No-one looked at the first Motorola DynaTAC and predicted this would happen 30 years later. And yet, what a fascinating little subculture of rules and conventions must surround those trucks, what a brilliant place to do ethnography. And, if asked, would you predict these things will last, or will they disappear? Will they expand from phones into all sorts of other services, adding all sorts of peripatetic services for teens? Or will they quickly disappear, killed off by a change in regulation or technology?
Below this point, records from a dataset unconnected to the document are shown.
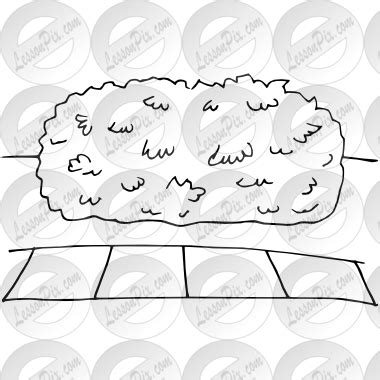 Bush clipart outline, Bush outline Transparent FREE for download on ...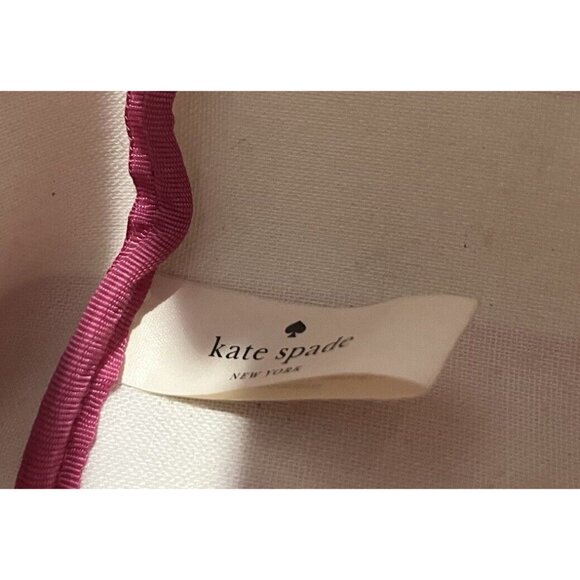 Kate Spade Hawthorn Lane Ryan Pink White Striped Tote Large Coated Canvas - Picture 10 of 11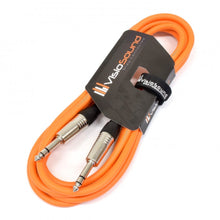 Load image into Gallery viewer, 6.35mm 1/4' Stereo TRS Jack to TRS Jack Lead / Balanced Signal Audio Patch Cable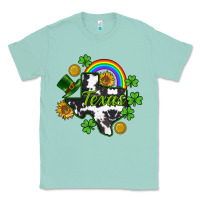 Seafoam Texas map St. Patrick's Classic Tee - CowGirlArtShop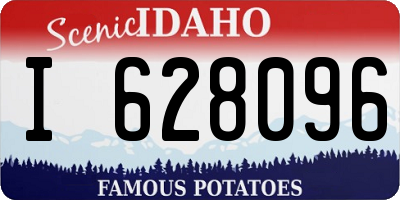 ID license plate I628096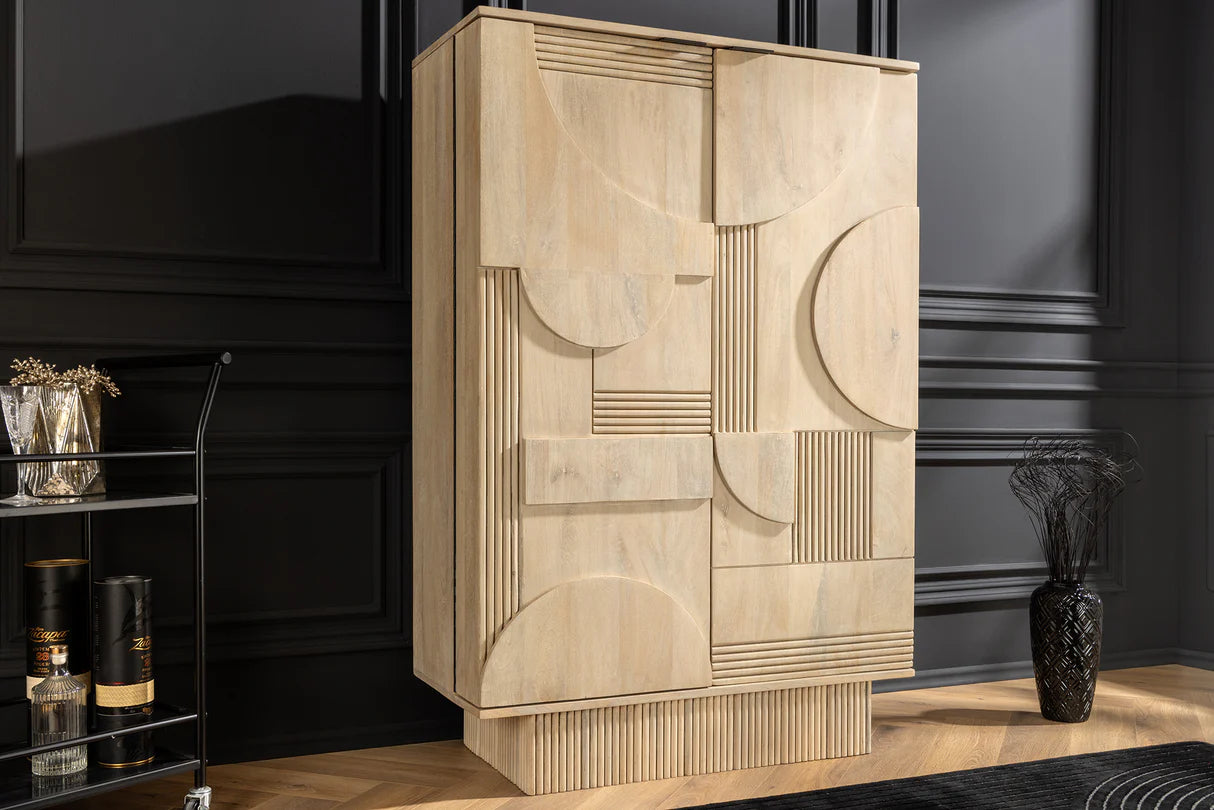 
Massiver Design Barschrank „Art Deco“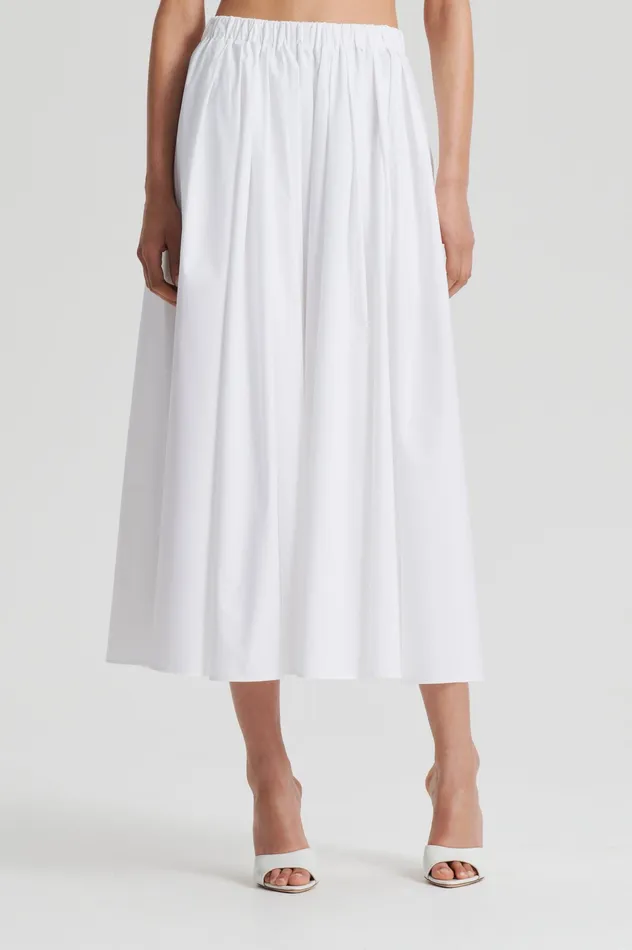 PARACHUTE FULL SKIRT WHITE Skirts Scanlan Theodore Women PARACHUTE FULL SKIRT WHITE Skirts Scanlan Theodore Women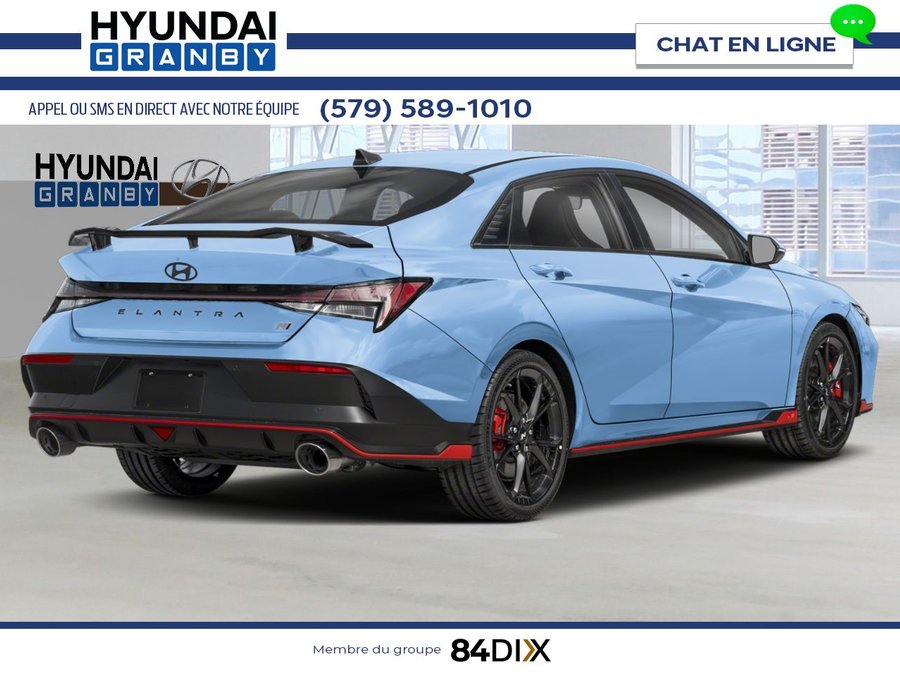 HYUNDAI Elantra N 2025 2025 Bleu éblouissant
I have no idea, but it's a good thing to think about.
Another one: there are books written by robots on Amazon - expensive books - and other robots are pretending to have copies of those books for sale and are having bidding wars with further robots about them.
There's an utterly fascinating post about this concept at http://carlos.bueno.org/2012/02/bots-seized-control.html. This tells the tale of a robot-written book (it scrapes the text from Wikipedia entries and, if anyone ever orders a copy, prints it on demand) about the Turing Test, which is a test to determine if you're human or software. It contains the following, awesome passage: "So with 'Turing Test' we have a delightful futuristic absurdity: a computer program, pretending to be human, hawking a book about computers pretending to be human, while other computer programs pretend to have used copies of it. A book that was never actually written, much less printed and read."
No-one looked at Amazon for the first time and imagined that would happen. That's why prediction is such a mug's game. The only safe bet is to assume all sorts of odd little consequences will spring from any big technological change. Imagining the unintended consequences when robots are trading all our media always has me chuckling. When they're writing the ads, it'll be even better.